If you could give your teenage self some advice, what would it be?
I guess I should say something deep and meaningful here, but I won’t. Wear sunscreen everyday and don’t ever get within 500 feet of a tanning bed. Stop eating so much garbage. And finally, whatever haircut you are considering, go a different route.
Oy. Please refer to the pictures as haircut proof. Christina Wren, shield your eyes.
Wear your retainer. Low rise jeans don’t look good on your mile long torso. Put your tweezers down.
If someone handed you $20,000 and demanded you do something fun and frivolous with that money, what would you do?
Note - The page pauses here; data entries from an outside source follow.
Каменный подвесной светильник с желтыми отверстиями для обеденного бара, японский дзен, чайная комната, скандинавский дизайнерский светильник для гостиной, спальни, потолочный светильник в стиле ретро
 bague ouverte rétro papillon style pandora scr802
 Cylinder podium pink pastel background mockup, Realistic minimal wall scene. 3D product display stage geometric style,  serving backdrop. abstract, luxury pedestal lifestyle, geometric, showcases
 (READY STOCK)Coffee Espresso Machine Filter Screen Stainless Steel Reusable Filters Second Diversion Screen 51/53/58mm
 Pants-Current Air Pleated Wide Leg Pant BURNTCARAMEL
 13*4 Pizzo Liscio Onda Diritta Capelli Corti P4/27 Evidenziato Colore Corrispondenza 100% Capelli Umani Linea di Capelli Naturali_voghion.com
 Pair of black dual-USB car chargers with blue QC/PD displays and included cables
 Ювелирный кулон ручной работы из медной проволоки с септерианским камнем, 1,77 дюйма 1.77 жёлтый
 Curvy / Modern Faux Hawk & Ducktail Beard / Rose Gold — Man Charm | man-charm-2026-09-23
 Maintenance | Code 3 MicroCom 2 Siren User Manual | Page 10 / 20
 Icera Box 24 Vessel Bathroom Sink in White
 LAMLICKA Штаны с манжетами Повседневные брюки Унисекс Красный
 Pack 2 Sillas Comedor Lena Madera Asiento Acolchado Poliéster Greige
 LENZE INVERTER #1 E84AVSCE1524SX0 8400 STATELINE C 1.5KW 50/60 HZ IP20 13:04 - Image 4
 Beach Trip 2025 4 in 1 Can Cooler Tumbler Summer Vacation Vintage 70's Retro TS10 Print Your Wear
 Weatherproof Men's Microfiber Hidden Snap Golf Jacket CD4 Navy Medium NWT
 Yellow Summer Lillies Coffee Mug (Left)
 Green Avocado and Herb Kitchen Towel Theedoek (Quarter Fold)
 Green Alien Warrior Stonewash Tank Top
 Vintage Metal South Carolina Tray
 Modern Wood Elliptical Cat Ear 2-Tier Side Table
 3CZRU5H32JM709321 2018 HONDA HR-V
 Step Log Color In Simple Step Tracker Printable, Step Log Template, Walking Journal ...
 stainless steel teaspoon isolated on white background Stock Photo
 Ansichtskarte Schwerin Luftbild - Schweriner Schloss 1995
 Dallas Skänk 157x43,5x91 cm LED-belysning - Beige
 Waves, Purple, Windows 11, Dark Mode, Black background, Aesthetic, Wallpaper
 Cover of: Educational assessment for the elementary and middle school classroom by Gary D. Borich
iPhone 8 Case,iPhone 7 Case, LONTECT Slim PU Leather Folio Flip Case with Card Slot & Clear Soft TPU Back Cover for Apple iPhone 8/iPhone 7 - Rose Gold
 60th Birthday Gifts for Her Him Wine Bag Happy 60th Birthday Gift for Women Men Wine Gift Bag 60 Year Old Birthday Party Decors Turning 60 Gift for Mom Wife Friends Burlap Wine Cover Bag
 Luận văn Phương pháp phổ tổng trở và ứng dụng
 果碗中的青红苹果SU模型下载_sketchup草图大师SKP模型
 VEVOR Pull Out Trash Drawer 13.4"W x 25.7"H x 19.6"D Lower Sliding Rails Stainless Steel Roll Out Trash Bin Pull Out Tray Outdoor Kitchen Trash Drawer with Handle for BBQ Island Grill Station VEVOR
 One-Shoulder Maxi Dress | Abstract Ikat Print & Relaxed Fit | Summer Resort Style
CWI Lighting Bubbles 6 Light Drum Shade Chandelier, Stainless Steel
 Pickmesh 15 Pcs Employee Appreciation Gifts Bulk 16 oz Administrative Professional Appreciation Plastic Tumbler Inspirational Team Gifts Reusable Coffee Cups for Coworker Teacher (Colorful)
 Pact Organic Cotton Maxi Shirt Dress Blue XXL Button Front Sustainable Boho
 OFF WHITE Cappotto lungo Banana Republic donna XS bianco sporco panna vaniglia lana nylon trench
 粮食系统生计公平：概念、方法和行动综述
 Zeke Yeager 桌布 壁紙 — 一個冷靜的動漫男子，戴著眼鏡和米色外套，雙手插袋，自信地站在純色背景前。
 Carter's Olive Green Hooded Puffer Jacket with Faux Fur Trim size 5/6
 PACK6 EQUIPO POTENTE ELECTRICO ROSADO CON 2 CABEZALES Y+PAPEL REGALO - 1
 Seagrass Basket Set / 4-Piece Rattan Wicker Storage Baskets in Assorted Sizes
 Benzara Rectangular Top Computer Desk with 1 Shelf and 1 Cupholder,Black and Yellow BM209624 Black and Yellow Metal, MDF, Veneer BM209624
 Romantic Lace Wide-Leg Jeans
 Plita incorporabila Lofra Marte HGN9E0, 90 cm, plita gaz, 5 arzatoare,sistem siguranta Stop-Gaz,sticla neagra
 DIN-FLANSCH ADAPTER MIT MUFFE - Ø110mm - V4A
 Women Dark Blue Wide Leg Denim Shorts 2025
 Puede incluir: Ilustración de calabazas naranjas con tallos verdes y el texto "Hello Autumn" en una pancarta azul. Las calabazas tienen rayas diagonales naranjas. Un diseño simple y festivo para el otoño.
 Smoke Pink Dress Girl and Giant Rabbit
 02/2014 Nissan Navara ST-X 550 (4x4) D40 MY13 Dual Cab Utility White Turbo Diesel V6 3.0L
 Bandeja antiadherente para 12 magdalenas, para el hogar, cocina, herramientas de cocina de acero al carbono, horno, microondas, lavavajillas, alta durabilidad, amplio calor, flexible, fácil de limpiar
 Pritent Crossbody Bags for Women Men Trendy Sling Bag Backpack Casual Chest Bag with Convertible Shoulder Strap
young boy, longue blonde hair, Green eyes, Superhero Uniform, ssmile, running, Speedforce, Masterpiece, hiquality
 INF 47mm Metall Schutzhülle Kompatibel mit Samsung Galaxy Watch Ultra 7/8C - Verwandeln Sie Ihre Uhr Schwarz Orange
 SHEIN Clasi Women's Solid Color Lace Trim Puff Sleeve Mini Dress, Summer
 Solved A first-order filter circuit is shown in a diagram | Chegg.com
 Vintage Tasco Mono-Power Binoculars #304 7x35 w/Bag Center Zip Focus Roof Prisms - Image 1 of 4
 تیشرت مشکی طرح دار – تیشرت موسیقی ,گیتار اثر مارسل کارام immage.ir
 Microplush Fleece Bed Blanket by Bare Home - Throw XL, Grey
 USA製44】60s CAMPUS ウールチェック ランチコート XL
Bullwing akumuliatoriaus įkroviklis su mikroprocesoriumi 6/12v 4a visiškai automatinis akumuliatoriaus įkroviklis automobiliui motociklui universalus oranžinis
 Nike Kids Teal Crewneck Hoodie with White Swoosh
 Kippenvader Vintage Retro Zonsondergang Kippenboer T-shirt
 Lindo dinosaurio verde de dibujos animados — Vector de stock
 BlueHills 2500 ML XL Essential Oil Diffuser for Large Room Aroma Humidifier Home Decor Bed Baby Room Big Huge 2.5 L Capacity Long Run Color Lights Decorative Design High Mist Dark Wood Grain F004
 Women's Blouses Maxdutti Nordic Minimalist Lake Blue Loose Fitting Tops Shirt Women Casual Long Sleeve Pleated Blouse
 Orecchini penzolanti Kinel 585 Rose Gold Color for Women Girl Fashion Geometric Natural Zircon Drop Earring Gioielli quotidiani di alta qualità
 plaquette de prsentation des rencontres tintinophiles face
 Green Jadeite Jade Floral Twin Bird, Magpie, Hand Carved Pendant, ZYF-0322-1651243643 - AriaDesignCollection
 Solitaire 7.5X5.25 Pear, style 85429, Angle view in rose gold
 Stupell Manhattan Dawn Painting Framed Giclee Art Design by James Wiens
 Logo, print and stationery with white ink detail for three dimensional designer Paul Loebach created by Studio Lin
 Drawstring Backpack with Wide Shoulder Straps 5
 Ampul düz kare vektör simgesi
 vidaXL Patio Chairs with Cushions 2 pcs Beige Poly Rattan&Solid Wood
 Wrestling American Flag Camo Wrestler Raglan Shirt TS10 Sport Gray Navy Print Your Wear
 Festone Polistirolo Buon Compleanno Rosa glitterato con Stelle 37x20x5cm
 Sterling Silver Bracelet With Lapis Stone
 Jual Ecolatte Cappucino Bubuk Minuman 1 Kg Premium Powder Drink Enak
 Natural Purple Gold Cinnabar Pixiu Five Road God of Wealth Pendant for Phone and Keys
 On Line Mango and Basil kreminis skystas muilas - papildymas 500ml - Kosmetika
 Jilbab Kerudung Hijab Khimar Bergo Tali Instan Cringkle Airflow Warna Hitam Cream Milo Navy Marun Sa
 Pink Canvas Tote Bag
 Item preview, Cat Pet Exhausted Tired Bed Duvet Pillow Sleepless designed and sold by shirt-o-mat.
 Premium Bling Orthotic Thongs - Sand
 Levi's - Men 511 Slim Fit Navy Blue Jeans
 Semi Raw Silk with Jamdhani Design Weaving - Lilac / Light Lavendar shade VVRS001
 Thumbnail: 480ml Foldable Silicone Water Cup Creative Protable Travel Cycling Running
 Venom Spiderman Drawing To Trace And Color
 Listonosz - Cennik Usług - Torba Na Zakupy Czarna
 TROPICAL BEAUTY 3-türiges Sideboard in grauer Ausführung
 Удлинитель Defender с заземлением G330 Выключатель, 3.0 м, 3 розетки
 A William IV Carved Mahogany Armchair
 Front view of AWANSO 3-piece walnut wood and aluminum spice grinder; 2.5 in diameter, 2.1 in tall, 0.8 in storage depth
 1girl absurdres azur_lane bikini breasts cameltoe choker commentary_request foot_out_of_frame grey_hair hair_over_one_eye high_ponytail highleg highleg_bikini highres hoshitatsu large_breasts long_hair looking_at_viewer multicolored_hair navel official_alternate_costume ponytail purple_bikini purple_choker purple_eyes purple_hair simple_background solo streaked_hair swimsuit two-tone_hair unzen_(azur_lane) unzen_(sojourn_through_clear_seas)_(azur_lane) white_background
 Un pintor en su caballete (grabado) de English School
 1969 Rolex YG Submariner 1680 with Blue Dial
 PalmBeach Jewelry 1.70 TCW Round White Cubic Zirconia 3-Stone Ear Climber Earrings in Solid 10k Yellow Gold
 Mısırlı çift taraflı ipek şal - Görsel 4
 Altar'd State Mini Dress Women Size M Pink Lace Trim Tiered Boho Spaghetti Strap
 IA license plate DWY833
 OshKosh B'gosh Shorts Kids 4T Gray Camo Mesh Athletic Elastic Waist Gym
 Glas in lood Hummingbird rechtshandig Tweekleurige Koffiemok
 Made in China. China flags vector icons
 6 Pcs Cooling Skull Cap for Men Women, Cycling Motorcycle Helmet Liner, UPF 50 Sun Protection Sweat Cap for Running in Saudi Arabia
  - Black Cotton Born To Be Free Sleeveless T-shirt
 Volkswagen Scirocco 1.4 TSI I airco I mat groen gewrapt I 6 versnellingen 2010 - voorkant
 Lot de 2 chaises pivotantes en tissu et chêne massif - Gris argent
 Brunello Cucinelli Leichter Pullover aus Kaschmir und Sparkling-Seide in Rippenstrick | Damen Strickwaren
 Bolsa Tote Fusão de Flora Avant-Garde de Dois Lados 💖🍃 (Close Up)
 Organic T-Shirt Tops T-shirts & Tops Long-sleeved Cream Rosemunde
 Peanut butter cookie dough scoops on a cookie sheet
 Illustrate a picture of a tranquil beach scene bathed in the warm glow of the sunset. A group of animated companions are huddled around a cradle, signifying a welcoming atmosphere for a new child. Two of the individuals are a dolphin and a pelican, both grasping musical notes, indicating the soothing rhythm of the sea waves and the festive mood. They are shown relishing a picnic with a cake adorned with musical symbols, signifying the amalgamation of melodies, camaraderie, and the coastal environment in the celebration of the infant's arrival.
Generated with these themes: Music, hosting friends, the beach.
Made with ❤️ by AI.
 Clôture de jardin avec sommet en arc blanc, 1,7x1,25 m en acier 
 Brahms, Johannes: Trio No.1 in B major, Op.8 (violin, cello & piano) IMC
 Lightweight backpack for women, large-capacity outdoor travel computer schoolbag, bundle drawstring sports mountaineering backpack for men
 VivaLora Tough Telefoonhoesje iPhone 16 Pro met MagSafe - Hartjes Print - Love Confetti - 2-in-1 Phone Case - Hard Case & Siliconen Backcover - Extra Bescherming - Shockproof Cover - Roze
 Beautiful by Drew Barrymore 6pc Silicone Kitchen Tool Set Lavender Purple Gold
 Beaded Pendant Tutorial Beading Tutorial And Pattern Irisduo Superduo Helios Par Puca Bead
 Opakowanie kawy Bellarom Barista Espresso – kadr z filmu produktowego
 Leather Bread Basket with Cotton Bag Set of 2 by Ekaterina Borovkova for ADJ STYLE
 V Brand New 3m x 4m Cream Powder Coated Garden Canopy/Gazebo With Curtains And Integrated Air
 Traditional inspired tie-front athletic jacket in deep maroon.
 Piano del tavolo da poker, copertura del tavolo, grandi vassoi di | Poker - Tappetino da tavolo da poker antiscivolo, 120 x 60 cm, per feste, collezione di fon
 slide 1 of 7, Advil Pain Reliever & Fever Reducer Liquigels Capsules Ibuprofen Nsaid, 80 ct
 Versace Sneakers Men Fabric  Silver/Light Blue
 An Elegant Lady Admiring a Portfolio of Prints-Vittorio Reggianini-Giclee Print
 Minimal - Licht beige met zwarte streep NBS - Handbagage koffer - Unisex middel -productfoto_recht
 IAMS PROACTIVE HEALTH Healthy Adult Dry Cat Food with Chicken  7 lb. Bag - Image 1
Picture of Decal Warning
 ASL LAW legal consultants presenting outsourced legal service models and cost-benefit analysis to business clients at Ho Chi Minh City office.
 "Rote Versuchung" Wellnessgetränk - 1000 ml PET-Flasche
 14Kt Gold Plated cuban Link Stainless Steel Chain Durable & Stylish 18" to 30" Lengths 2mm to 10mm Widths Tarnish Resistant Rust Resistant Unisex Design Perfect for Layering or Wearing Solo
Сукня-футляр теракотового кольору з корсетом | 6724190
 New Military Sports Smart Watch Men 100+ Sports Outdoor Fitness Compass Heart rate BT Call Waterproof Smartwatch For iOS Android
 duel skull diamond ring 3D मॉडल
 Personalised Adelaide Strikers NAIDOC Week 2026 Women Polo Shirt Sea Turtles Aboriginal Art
A bougie day of meals and scenery. That’s what I’d do. I’d rent a private jet and hop around the good ol’ USA for each meal. Blueberry pancakes whilst overlooking beautiful Maine? Done. Lunch in Jackson Hole overlooking the mountains? Yep. Then I think I could do dinner somewhere and then dessert somewhere completely different just to be able to hit up another place. I’d love to do fish tacos in Hawaii, but I just don’t know if that would be feasible, but since it’s my day of frivolity, maybe I could make that happen. I can’t be sure $20,000 would cover this considering I almost threw up when Mark told me one time how much it costs to fuel a plane, but I’ll save a little money by making him be the pilot to fly me around for my meal endeavors.
I’d love to buy out a Disney park for “my people” for a day. And my park of choice would definitely be Hollywood Studios. Now, I’m not one of those “Disney people” with matching shirts and ears. I cannot. But wouldn’t it be so fun to be the only people running from The Great Movie Ride to the Rockin’ Roller Coaster THEN to get Mickey waffles?
Thanks for reading today! We’d love to hear your answers to a question (or all of them)!
Now who’s going to give us $20,000 with those exact demands?